#### WORK INSTRUCTION:
Return every line of the data that contains the string "Kids".

#### SOURCE DATA:
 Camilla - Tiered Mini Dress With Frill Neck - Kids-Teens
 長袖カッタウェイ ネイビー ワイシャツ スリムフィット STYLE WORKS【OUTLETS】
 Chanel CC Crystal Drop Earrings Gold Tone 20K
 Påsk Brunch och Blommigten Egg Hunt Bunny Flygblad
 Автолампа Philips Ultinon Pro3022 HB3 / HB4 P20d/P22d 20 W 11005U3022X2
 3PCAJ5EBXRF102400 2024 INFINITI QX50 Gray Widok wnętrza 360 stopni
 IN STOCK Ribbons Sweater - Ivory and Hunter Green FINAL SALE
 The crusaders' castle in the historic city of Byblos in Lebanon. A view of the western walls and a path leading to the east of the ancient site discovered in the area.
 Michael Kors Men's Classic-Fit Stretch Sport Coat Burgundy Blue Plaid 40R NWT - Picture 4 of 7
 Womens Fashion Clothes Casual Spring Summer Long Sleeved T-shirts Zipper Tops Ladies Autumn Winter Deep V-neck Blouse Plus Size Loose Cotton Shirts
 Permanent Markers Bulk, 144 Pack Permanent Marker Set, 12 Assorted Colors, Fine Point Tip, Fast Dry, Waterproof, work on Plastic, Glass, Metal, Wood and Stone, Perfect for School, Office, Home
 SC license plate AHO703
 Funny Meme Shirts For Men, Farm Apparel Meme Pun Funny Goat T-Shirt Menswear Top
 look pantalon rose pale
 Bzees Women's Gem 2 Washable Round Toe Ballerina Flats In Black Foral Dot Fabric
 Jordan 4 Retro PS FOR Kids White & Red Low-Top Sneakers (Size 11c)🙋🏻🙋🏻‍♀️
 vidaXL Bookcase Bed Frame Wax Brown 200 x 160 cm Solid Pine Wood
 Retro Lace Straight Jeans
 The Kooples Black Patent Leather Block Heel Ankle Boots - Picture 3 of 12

#### RESULT OF THE TASK:
 Camilla - Tiered Mini Dress With Frill Neck - Kids-Teens
 Jordan 4 Retro PS FOR Kids White & Red Low-Top Sneakers (Size 11c)🙋🏻🙋🏻‍♀️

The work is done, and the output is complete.